How to Generate Text from Images with Python

In the Google Search: State of the Union last May, John Mueller and Martin Splitt spent about a fourth of the address to image-related topics.

They announced a big list of improvements to Google Image Search and predicted that it would be a massive untapped opportunity for SEO.

SEO Clarity, an SEO tool vendor, released a very interesting report around the same time. Among other findings, they found that more than a third of web search results include images.

Images are important to search visitors not only because they are visually more attractive than text, but they also convey context instantly that would require a lot more time when reading text.

Google believes image improvements in search engines will help users more purposely visit pages that match their intentions.

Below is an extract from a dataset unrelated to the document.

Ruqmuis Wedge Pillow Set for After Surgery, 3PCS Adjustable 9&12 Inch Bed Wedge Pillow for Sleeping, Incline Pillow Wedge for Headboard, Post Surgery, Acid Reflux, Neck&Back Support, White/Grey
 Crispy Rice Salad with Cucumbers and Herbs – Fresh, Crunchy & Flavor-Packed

Now, I have some good and bad news for you regarding this new opportunity.

The bad news is that in order to improve your images ranking ability, you need to do the tedious work of adding text metadata in the form of quality alt text and surrounding text.

But, the good news is that we are going to learn how to automate that tedious work with Python!

Here is our plan of action:

We will use DeepCrawl to crawl a website and find important images that are missing image ALT text.
We will train a model using Pythia that can generate image captions.
We will write a Python function to iterate over the images and generate their captions.
We will learn some tricks to improve the quality of the captions and to produce more personalized ones.
We will learn about the deep learning concepts that make this possible.
I will share resources to learn more and interesting community projects.

Introducing Pythia

The advances happening in the deep learning community are both exciting and breathtaking. It is really hard to keep up!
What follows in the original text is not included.